Daniel Boulud. What incredible screen presence. The look on the cheftestants' faces when Daniel walked into the room was priceless. He is a legend, and his magnetism is palpable.
All young chefs dream of meeting, cooking, working, or just plain riding the elevator with Daniel Boulud. I moved back to NYC from Paris as a young chef looking for work. I remember calling Daniel, who at the time was the chef at Le Cirque, and begging him for a job. In those days we had to beg, there were fewer restaurants, and man, many cooks -- today the opposite is true I said the following in one long sentence spoken in double time ... "Chef Boulud, this is Rocco Dispirito I just came back from France where I worked for Dominique Cecillon he suggested I call you because he said you're the best I know this guy and my CIA roommate Barney worked for you on his externship and chef so 'n' so recommended me to you at the Beard house and and and ... " and before I could finish my pitch he said he wasn't looking for anyone. He then gave me a moment to re-pitch, testing my tenacity I suppose, but I cracked under the pressure. I didn't even use my finely-honed French in that conversation, fresh off the boat too! That probably would have made the difference, but I was shy in those days. I would have done anything to work for him. He was, and still is the man. Since then I have had the good fortune to interact with him at many events, dine at his wonderful restaurants, and form a friendship with him over the years. I don't know a kinder chef with more grace and talent than Daniel Boulud.It makes perfect sense that the Quickfire Challenge was about classic techniques with Daniel in the house, as he is a master of the classic French technique. As young eager students of cuisine we all wanted to know the "classics." This is actually why I went to the Culinary Institute of America, and why I traveled to France as a penniless teenager (sans work papers).

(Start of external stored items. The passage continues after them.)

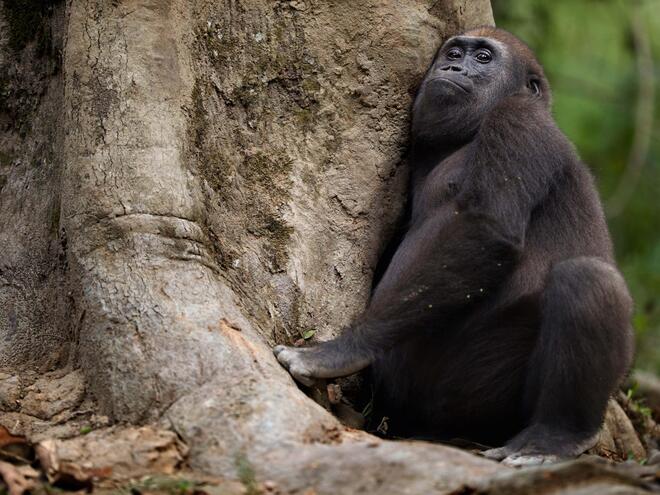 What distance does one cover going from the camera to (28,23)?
5430mm

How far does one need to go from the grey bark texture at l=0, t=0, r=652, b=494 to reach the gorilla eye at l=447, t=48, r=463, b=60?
13 cm

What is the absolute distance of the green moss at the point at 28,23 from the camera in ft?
17.7

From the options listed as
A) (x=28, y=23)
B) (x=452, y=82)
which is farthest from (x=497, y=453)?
(x=28, y=23)

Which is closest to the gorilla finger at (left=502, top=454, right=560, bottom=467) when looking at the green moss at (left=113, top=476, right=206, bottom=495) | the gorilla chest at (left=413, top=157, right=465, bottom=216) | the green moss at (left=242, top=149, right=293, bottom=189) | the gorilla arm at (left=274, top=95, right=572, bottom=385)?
the gorilla arm at (left=274, top=95, right=572, bottom=385)

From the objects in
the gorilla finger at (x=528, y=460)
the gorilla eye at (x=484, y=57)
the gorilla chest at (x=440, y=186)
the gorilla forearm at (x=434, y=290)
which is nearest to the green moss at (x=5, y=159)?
the gorilla forearm at (x=434, y=290)

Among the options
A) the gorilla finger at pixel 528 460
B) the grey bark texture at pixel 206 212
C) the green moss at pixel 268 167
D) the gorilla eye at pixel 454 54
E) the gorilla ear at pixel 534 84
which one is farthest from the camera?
the gorilla ear at pixel 534 84

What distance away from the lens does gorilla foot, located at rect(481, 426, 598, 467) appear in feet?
15.5

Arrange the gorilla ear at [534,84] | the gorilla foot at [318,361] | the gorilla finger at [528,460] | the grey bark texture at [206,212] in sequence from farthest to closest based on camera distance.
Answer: the gorilla ear at [534,84] → the gorilla foot at [318,361] → the gorilla finger at [528,460] → the grey bark texture at [206,212]

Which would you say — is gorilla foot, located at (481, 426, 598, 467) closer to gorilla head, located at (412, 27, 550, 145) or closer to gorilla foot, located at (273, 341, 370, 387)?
gorilla foot, located at (273, 341, 370, 387)

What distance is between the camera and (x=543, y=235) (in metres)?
5.33

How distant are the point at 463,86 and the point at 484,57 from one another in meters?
0.30

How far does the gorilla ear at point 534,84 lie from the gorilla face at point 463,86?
3.1 inches

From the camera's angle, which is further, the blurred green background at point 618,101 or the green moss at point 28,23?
the blurred green background at point 618,101

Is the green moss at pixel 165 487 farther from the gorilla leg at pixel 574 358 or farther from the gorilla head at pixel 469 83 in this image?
the gorilla head at pixel 469 83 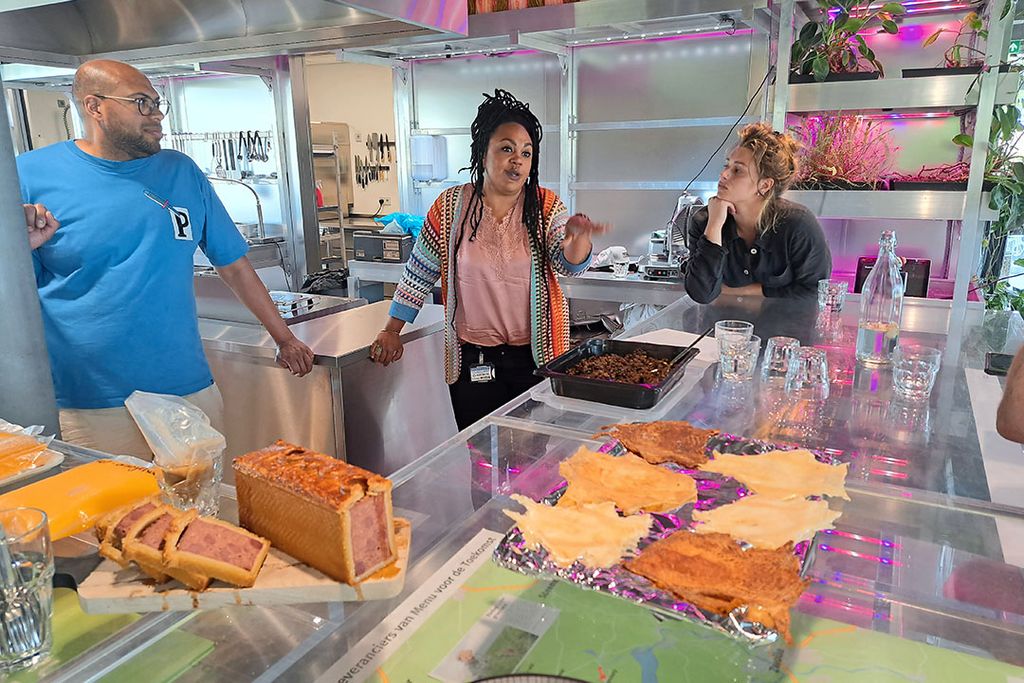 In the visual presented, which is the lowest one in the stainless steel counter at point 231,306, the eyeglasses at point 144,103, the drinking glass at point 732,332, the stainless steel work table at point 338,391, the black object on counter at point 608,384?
the stainless steel work table at point 338,391

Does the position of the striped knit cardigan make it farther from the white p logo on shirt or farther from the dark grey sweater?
the white p logo on shirt

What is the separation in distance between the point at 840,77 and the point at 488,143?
2.07m

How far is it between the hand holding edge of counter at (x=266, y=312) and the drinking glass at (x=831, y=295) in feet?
5.26

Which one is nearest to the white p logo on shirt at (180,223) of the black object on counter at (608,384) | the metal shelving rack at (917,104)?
the black object on counter at (608,384)

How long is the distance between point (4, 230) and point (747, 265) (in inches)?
81.8

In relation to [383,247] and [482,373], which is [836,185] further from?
[383,247]

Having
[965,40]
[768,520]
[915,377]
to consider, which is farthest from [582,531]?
[965,40]

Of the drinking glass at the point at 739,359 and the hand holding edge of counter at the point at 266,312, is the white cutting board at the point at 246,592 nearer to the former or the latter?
the drinking glass at the point at 739,359

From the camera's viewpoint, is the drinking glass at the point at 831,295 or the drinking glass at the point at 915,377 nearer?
the drinking glass at the point at 915,377

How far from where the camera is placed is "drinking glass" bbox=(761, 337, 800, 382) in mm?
1587

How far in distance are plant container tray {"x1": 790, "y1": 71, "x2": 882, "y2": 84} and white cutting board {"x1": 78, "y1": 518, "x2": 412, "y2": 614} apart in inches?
131

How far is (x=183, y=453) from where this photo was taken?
977 mm

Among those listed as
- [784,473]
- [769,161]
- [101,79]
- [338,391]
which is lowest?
[338,391]

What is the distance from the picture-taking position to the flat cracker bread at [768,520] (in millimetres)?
848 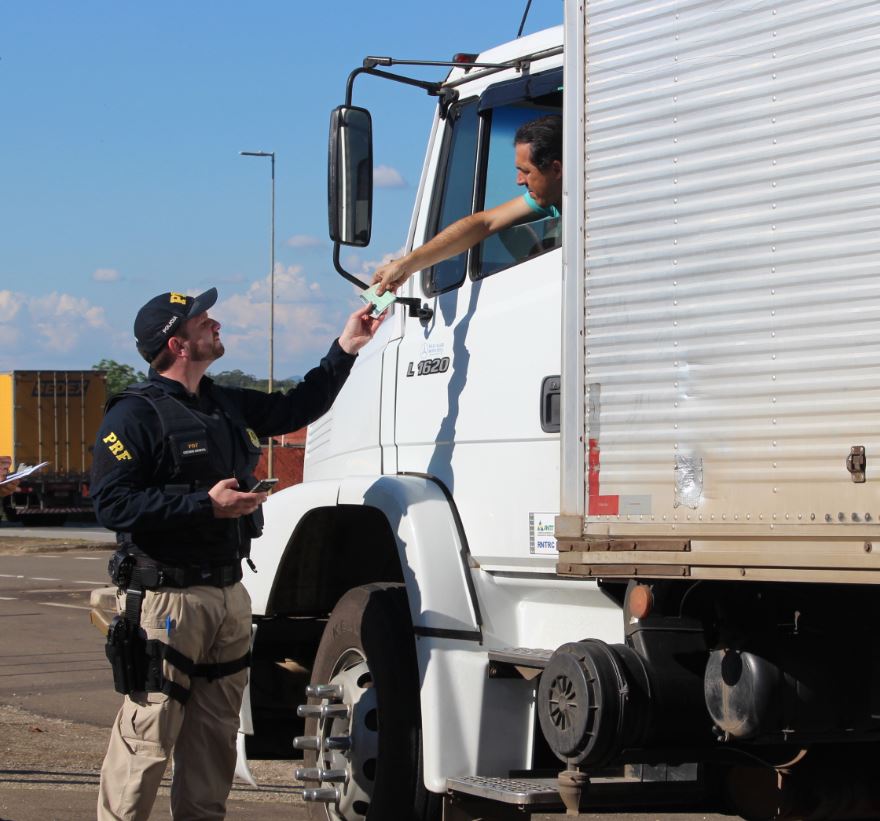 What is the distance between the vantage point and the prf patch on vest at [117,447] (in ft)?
16.1

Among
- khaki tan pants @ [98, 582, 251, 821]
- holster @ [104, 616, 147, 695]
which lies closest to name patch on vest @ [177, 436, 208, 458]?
khaki tan pants @ [98, 582, 251, 821]

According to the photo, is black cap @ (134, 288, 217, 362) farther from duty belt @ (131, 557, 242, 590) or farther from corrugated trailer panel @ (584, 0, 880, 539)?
corrugated trailer panel @ (584, 0, 880, 539)

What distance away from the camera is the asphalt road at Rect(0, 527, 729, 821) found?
A: 22.5ft

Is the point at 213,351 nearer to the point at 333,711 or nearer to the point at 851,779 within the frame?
the point at 333,711

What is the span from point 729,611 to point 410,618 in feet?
4.59

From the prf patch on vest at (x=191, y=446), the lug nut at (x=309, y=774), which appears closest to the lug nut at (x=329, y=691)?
the lug nut at (x=309, y=774)

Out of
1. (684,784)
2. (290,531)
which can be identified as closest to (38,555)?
(290,531)

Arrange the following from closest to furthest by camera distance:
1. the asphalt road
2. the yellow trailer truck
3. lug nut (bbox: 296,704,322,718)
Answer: lug nut (bbox: 296,704,322,718) → the asphalt road → the yellow trailer truck

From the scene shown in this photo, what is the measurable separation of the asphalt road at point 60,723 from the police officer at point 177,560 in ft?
5.39

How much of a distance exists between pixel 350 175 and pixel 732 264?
6.15ft

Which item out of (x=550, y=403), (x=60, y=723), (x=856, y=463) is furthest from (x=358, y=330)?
(x=60, y=723)

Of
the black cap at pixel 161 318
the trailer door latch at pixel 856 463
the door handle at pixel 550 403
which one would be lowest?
the trailer door latch at pixel 856 463

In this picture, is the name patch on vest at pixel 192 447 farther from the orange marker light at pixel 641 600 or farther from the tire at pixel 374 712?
the orange marker light at pixel 641 600

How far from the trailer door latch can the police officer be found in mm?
2146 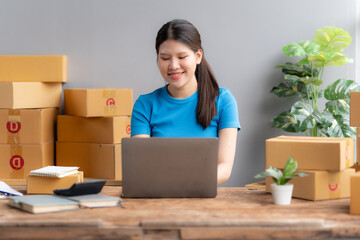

Ryan spent time with Daniel? Huh. This type of challenge shows us what each chef is made of. The idea was to incorporate classic techniques into a dish, which would showcase their abilities. Those who did their time in the trenches like Zoi, Richard, and Dale turned eggs and simple vegetable cuts into magic. The rest, well, made things like batonettes of peppers, confetti, and assembled fennel fronds, shaved fennel.
In honor of Chicago, and Richard Roeper, the Elimination Challenge theme was "dinner and a movie." The chefs had to pick a movie, and then somehow work the story into their meal. A bit esoteric, but nonetheless, a creative challenge. I mean, while six courses offers a lot of opportunity to show your stuff, it's also a lot of work. So the cheftestants were separated into teams, and made responsible for creating their own cinematic/culinary course.
Richard, Dale, and Andrew formed one team, and it sounded like a strong one to me. They picked the movie Willie Wonka and the Chocolate Factory, to honor the "imagination the movie and this team share." I thought they did a great job of fusing cinema and cuisine.
Manuel and Spike struggled to come up with a film for their course. They ended up shoehorning Good Morning, Vietnam into a limp summer roll, and it flopped.
Jen and Nikki went Italian with their choice of film being Il Postino. I know firsthand that Nikki makes terrific pasta, from having tasted her lasagna in Episode One. Great film choice. I thought Ted made a good point about rusticity. I love the handmade look, especially if it is actually handmade.
At first Ryan and Mark were like a Laurel and Hardy routine. But they managed to make good on their Christmas promise. Ryan's suggesting Dumb and Dumber had to be scripted. Then a eureka moment happened and they settled on A Christmas Story. A duck Christmas story that is. Ryan makes a great presentation and Mark backs him up on the plate. I enjoyed Mark's "'tis the season to be jolly." He's an adorable guy. Great quail and great carrot puree are no small achievements.
Antonia and Zoi pick the Almodovar movie Talk to Her and refer to themselves as "two strong females." Here's the irony: The film, for those of you who don't know it, features the two female leads in a coma the whole time.
Stephanie and Lisa got dessert and decided to make a wonderfully rich dish of braised beef and steak based on the film Top Secret. Chefs hate to make dessert. Need I say more? Stephanie is a very good cook and clearly not in a coma.
The judges love Richard's dish for its imagination, balance, and precision of Willie Wonka's chocolate reverie and it garners him a well-deserved win. I was glad to see him put his molecular money where his mouth is.
Zoi is brimming with emotion .... I hope she can keep it together. Manuel gets the boot for excessive noise on a plate. Poor guy. He seems really nice.